Record excerpts:
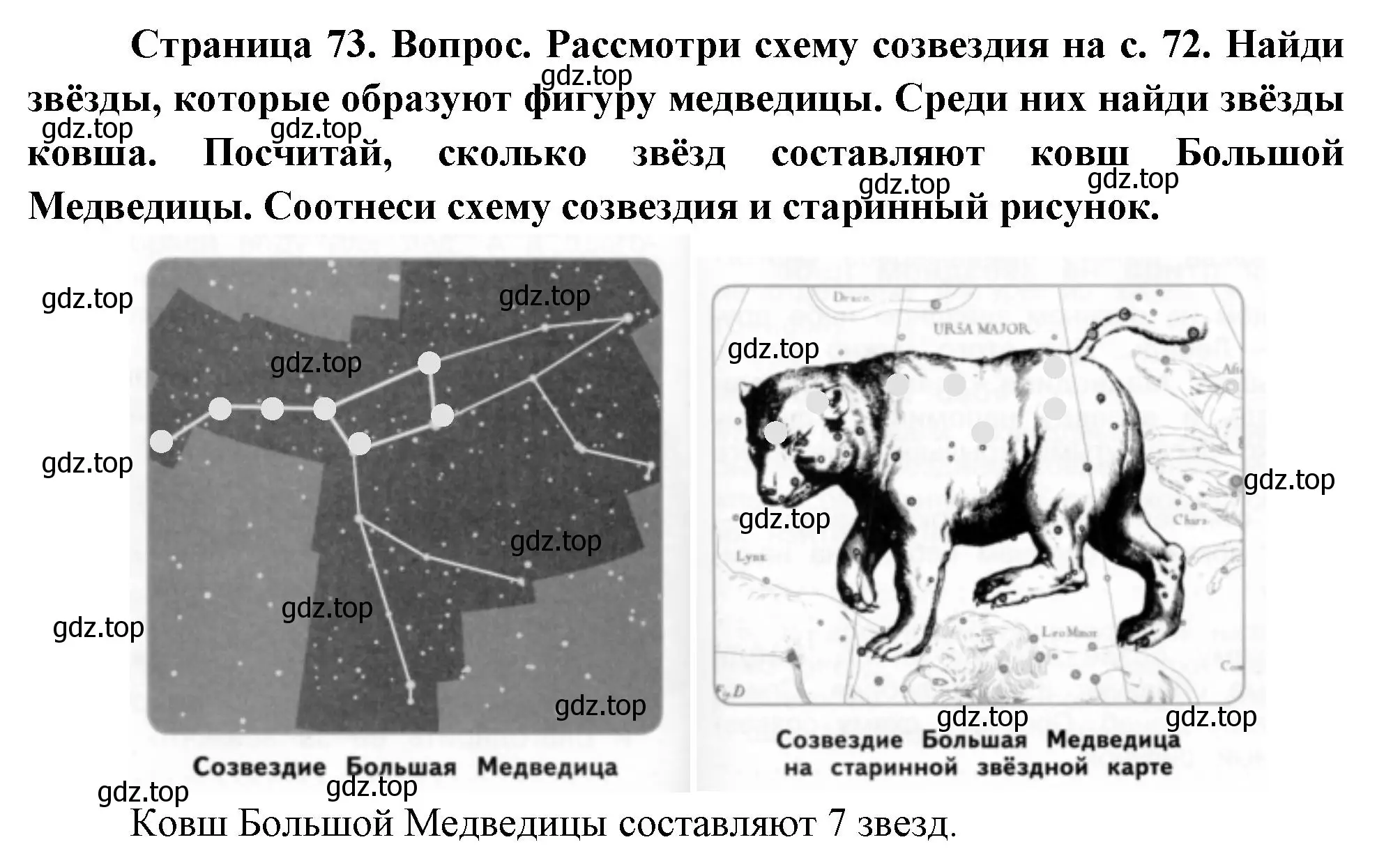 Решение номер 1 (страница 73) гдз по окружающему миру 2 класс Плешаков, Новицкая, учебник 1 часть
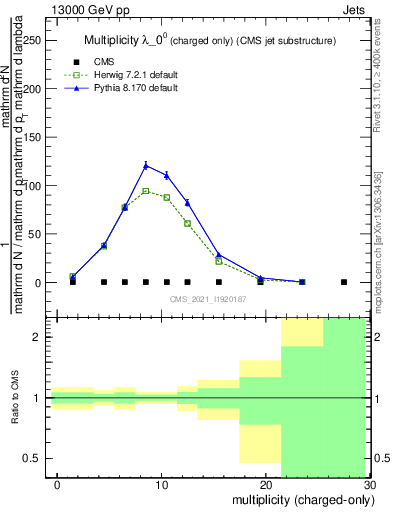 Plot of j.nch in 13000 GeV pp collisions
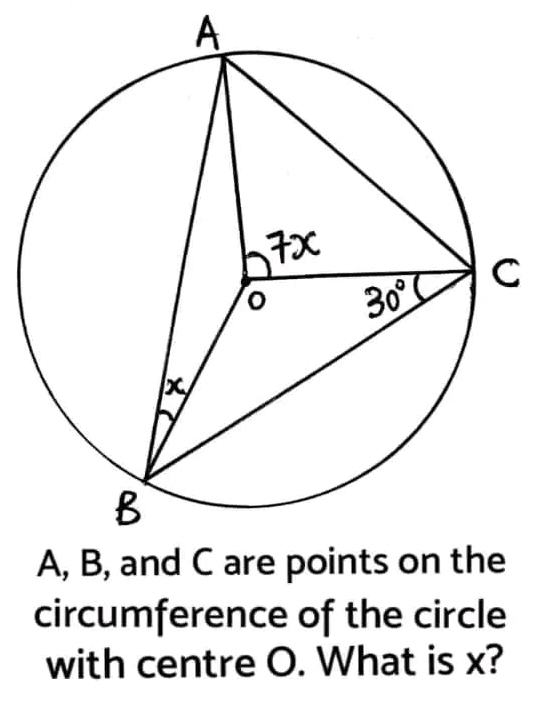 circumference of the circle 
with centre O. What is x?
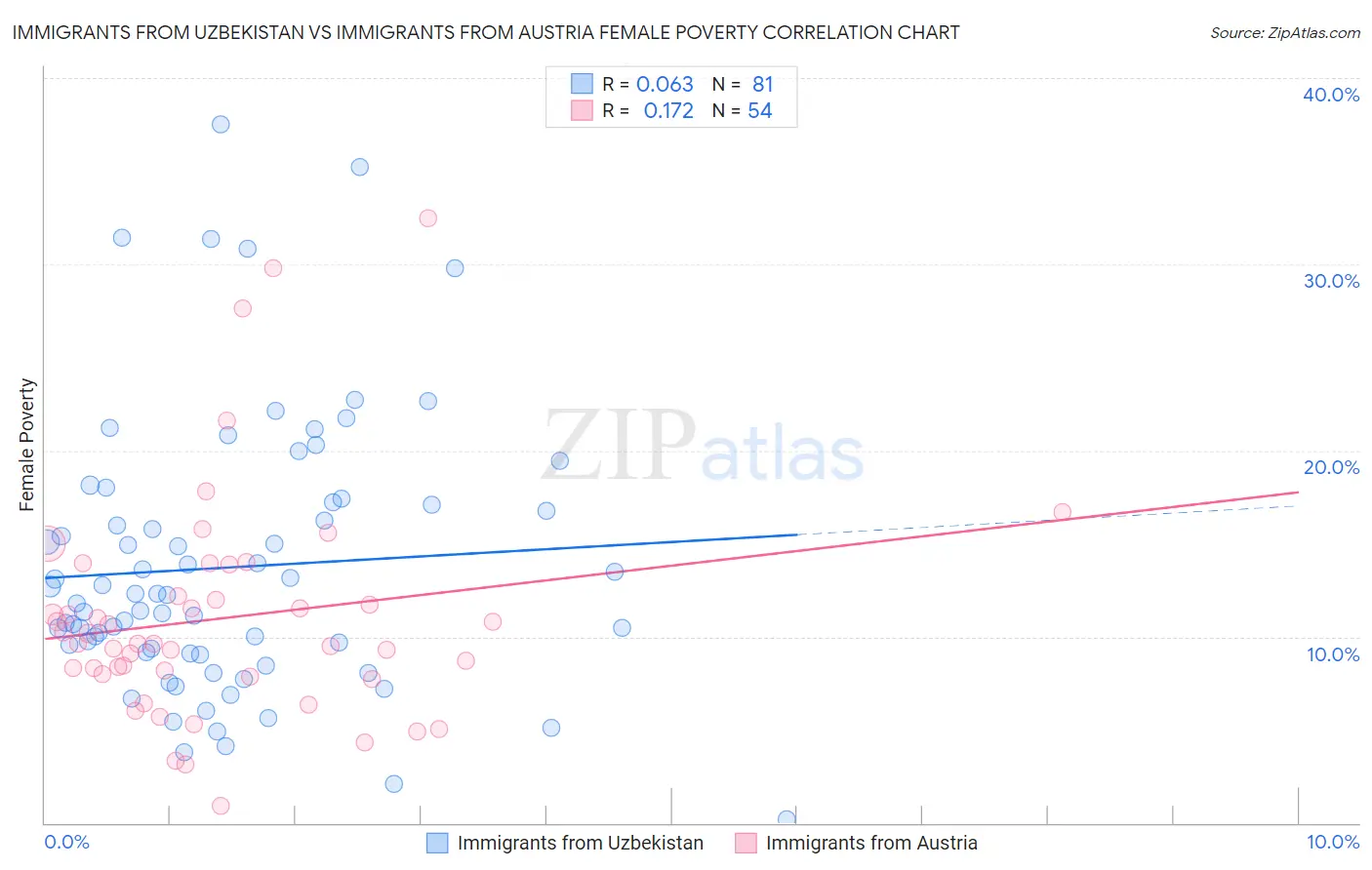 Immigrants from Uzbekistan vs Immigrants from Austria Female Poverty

Task item:
Print the data again, word for word, without any pictures.

Finished exercise:
 Решение номер 1 (страница 73) гдз по окружающему миру 2 класс Плешаков, Новицкая, учебник 1 часть
 Plot of j.nch in 13000 GeV pp collisions
 circumference of the circle 
with centre O. What is x?
 Immigrants from Uzbekistan vs Immigrants from Austria Female Poverty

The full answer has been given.